Crawled caption data
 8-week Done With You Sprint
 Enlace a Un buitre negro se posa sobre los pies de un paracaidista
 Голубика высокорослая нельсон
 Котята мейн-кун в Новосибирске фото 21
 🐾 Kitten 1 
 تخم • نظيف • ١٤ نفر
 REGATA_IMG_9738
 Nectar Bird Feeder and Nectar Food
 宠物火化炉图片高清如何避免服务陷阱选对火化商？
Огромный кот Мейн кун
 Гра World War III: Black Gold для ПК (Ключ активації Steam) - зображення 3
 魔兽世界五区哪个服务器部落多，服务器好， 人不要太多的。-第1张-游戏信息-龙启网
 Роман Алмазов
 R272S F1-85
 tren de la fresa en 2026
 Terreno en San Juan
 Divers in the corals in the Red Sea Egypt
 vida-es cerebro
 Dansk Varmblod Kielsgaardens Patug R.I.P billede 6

DESCRIPTION OF THE TASK: Your answer must be the lines from the one containing "R272S F1-85" to the last line of the entries, repeated exactly and with nothing else.

RESPONSE TO THE TASK:
 R272S F1-85
 tren de la fresa en 2026
 Terreno en San Juan
 Divers in the corals in the Red Sea Egypt
 vida-es cerebro
 Dansk Varmblod Kielsgaardens Patug R.I.P billede 6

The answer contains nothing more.